Forti was a meter from the suited man when he spoke again.

“Do you know what’s down there?”

“No.”

“It’s the Zhunseban.” She walked faster. This place was forbidden. Access to the catacombs under the communal holy land of death was strictly for the upper echelons of the ordained, the Geth of the Pahthian modality. Bodies both newly buried and from centuries ago laid at peace, each somewhere in one of the hundred layers of sectioned earth generations of the Geth had dug. Although Vasi was not to be entombed but cremated, all farewell ceremonies are held in front of the meadow of the Zhunseban, which Forti was motivated to return to immediately.

“Aren’t you curious what a Zhunseban is like?”

Forti veered around Rongyae. He trailed closely behind. Not wanting her back kept towards him, she hurried up the steps.

“I guess you don’t have an adventurous spirit,” he quipped with a shrug.

“I adventure if I can handle the contingencies.” She bit her inner lip. She shouldn’t have said anything, but he spoke like he knew her based on a single choice, and three hours of sleep loosened her tongue.

You don’t need to explain yourself. Don’t talk to him.

“Hmm, I suppose that’s wise. Or some could say you’re scared.” Why was he trying to rile her? What would he gain? An encomiur should be begging to be chosen, or was this a tactic?

Escaping out the painting, she weaved through the mess, hand on the door.

“You know, we have a lot of paintings and compositions like this in Valor Academy.”

Forti froze. Rongyae was scrutinizing the art with faux interest, hand on his chin like he was actively thinking. He looked older than her, but not yet an adult. He had a flat cap on, and his suit was crisp and tailored.

“Mir. Daetaer, what do you think of this piece?”

His eyes were gold. He was not human, but Forti could not remember if shining yellow was suearius or icthyian. There was no tail, and his ears were rounded.

He could be a fake. A crazy person, a con, a cheat. In the worst case, a dangerous individual. Or ValorA sent him as a condolence gift. He must be excellent at his job if the school recommended him. Yet why solely look for her? Why dispatch him here on this day? Their prestige doesn’t excuse their lack of courtesy or his arrogant behavior.

“I think it’s lovely.” She left the room.

As Forti expected, Rongyae ran after her. In this open environment, she could shout and people would come, she could escape if he was harmful.

“Whoever painted it did a remarkable job,” she commented before he could remark about her exit.

“I agree.” He followed along.

“How do you feel about it, Mir. Rongyae?”

He was impressed by how smoothly she said his name.

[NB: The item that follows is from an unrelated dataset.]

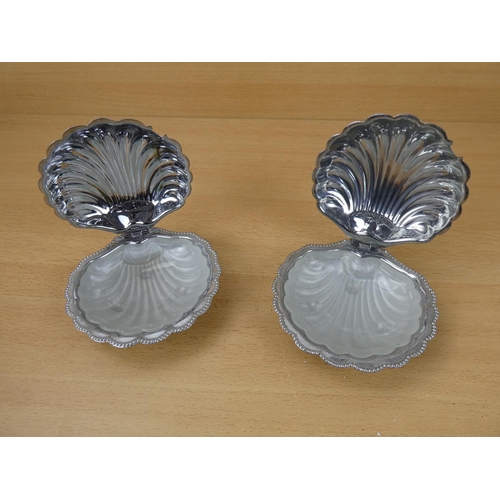 95 - A pair of vintage silver plated and glass preserve dishes.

Not many could do so, even after hearing him say it, requiring repetition and polite probing to check whether they pronounced it correctly.

“I think it’s tragic. Two hearts ripped apart, reaching for each other but unable to grasp. Have you ever felt such love?”

“Maybe.”

They went down a corridor. Gothic windows exhibited a large inner garden of maintained greenery. In a corner, under the shade of an overarching tree, monks sat on smooth rocks, chanting a sutra to ruminate and discuss later, their united voices a muted droning.

Forti meandered over to an alcove with a rounded bench, flush with light from a window directly across, and sat.

Rongyae broke the silence.

“Give me your analysis about the painting,” he said.

“Why?”

“I’m curious what you thought about when you saw it.”

To humor this person out of interest, or to deny out of mild spite for being ordered. Forti realized this was the most direct this elusive person had been, however, and decided to concede, because she had to figure out why he was here talking to her. She reflected on the painted woman and her lover’s grief-stricken expression.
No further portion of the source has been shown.